_WORK INSTRUCTION_:
Please reproduce the lines of the records below from the one holding "It's now asking" through the one holding "Make sure that", inclusive, skipping all pictures.

Data excerpts:

————————

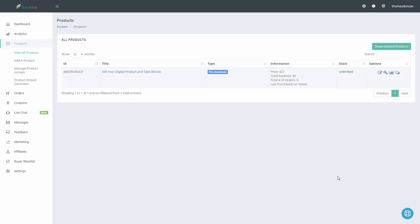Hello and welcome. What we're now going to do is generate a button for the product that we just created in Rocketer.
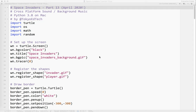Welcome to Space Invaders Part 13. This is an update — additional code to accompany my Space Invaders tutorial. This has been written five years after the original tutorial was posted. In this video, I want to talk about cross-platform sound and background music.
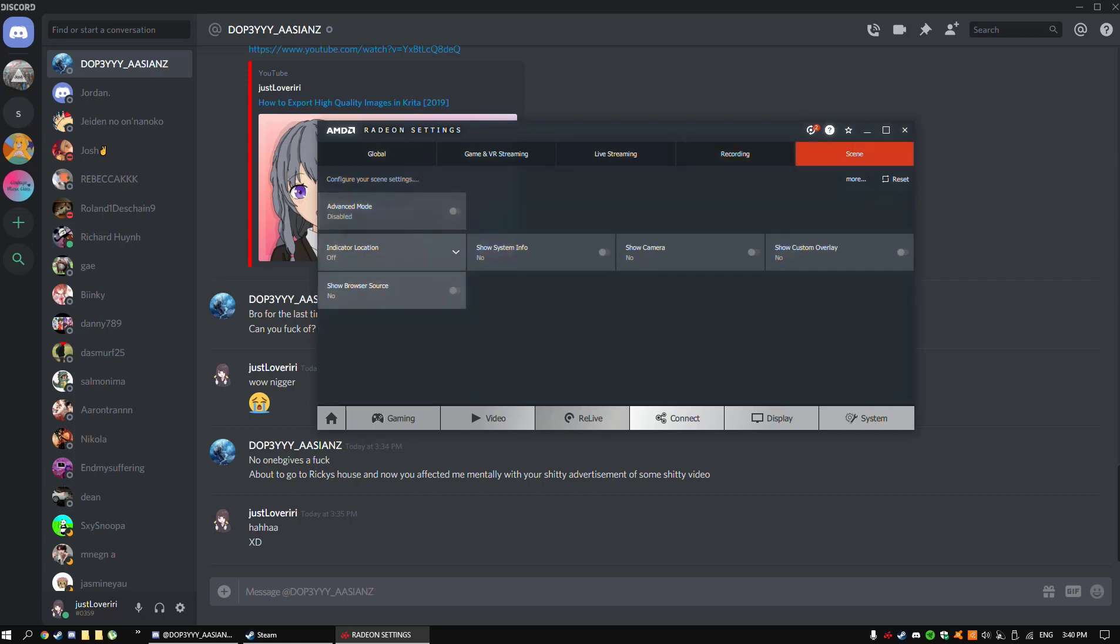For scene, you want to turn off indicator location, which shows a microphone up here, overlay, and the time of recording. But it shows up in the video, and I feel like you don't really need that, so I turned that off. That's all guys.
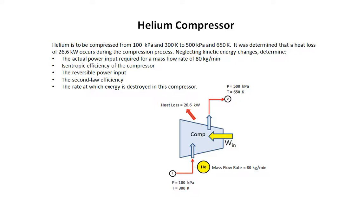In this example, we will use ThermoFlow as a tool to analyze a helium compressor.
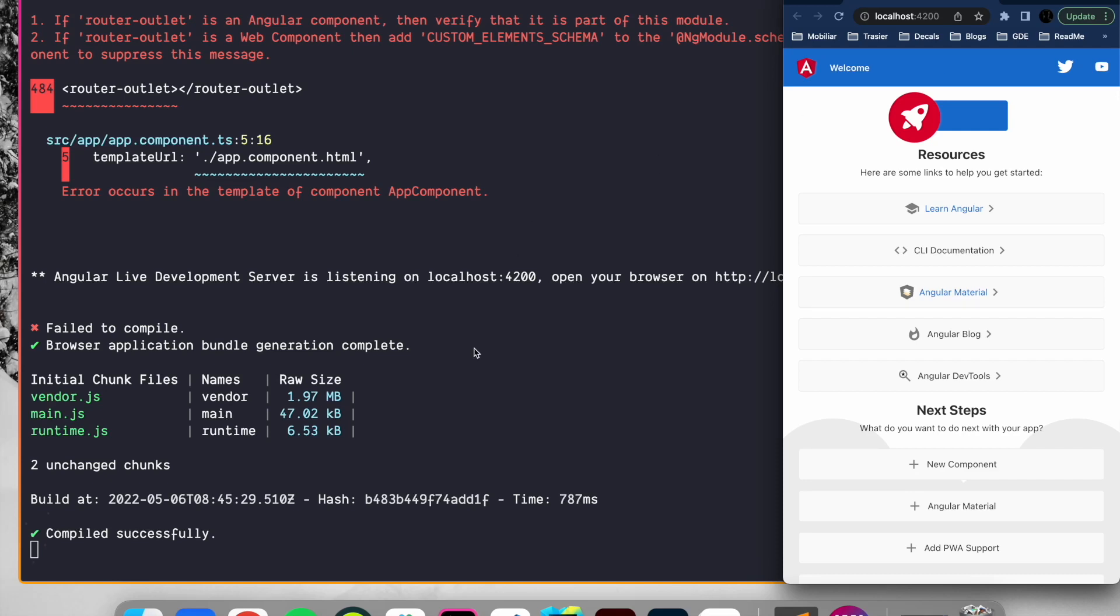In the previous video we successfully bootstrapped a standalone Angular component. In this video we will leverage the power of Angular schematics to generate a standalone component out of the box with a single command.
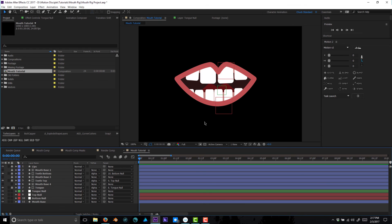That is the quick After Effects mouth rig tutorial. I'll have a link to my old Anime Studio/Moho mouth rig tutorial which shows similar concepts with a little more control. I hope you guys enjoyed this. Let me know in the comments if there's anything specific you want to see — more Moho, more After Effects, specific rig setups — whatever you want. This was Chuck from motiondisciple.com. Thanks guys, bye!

————————

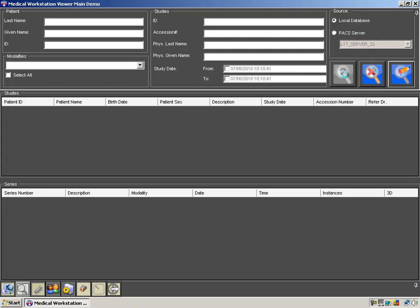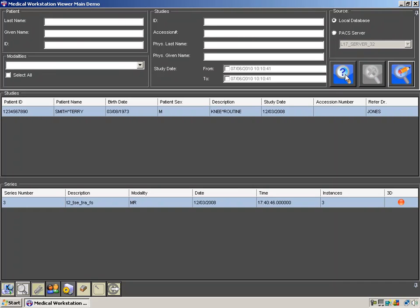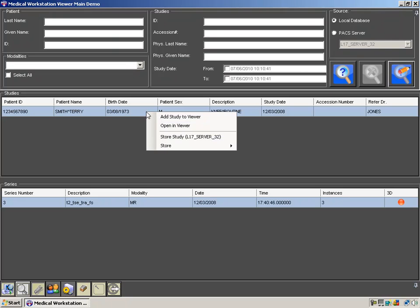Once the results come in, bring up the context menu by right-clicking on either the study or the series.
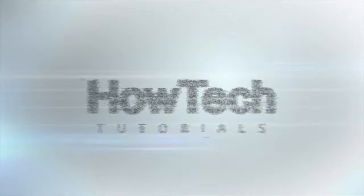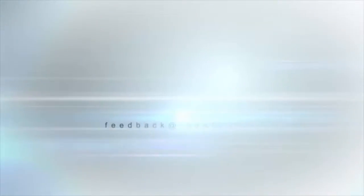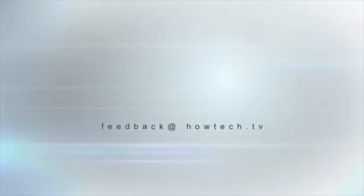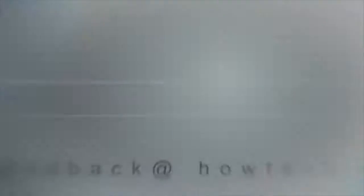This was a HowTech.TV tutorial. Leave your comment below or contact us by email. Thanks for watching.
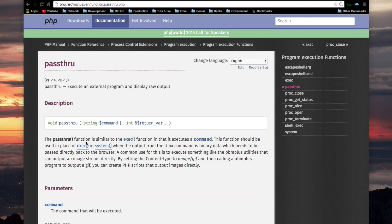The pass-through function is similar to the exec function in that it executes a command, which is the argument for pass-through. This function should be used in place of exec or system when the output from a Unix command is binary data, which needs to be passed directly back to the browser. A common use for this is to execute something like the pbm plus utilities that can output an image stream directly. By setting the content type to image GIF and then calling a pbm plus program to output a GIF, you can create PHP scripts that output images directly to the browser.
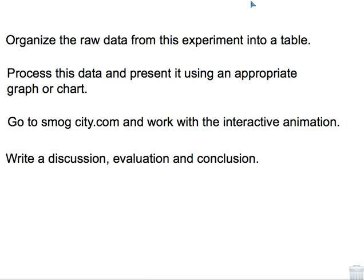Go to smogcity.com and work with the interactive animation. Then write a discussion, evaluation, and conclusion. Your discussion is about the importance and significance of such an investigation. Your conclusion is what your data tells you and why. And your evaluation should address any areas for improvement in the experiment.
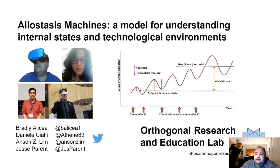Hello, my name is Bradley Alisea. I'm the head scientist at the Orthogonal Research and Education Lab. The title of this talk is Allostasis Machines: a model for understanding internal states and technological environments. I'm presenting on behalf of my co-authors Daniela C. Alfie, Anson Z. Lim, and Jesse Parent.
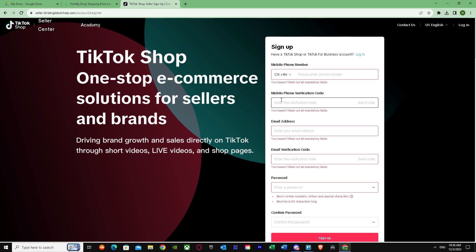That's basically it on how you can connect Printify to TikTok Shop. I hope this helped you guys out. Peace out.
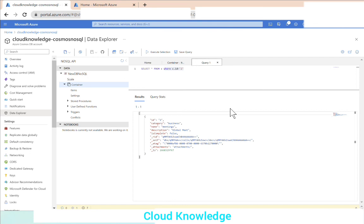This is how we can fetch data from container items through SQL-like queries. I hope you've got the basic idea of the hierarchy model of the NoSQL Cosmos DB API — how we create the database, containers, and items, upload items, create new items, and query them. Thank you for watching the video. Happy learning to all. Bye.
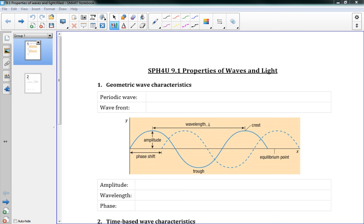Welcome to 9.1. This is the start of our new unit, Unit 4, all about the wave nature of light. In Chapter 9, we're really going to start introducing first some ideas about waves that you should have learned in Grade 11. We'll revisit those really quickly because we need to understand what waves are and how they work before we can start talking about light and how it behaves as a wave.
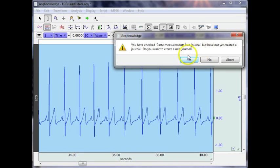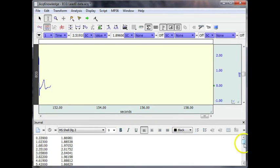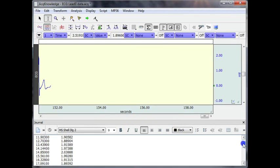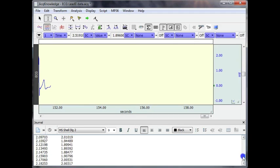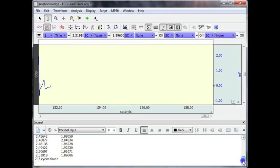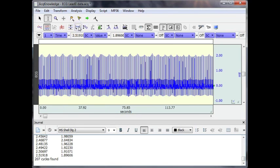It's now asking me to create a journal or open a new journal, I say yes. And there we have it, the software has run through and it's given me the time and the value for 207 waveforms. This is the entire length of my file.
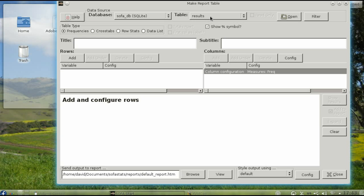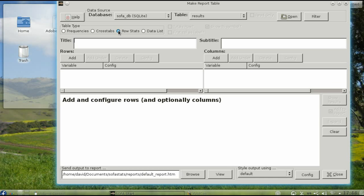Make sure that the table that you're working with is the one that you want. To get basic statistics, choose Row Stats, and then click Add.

————————

_RESULT OF THE TASK_:
It's now asking me to create a journal or open a new journal, I say yes. And there we have it, the software has run through and it's given me the time and the value for 207 waveforms. This is the entire length of my file.
Make sure that the table that you're working with is the one that you want. To get basic statistics, choose Row Stats, and then click Add.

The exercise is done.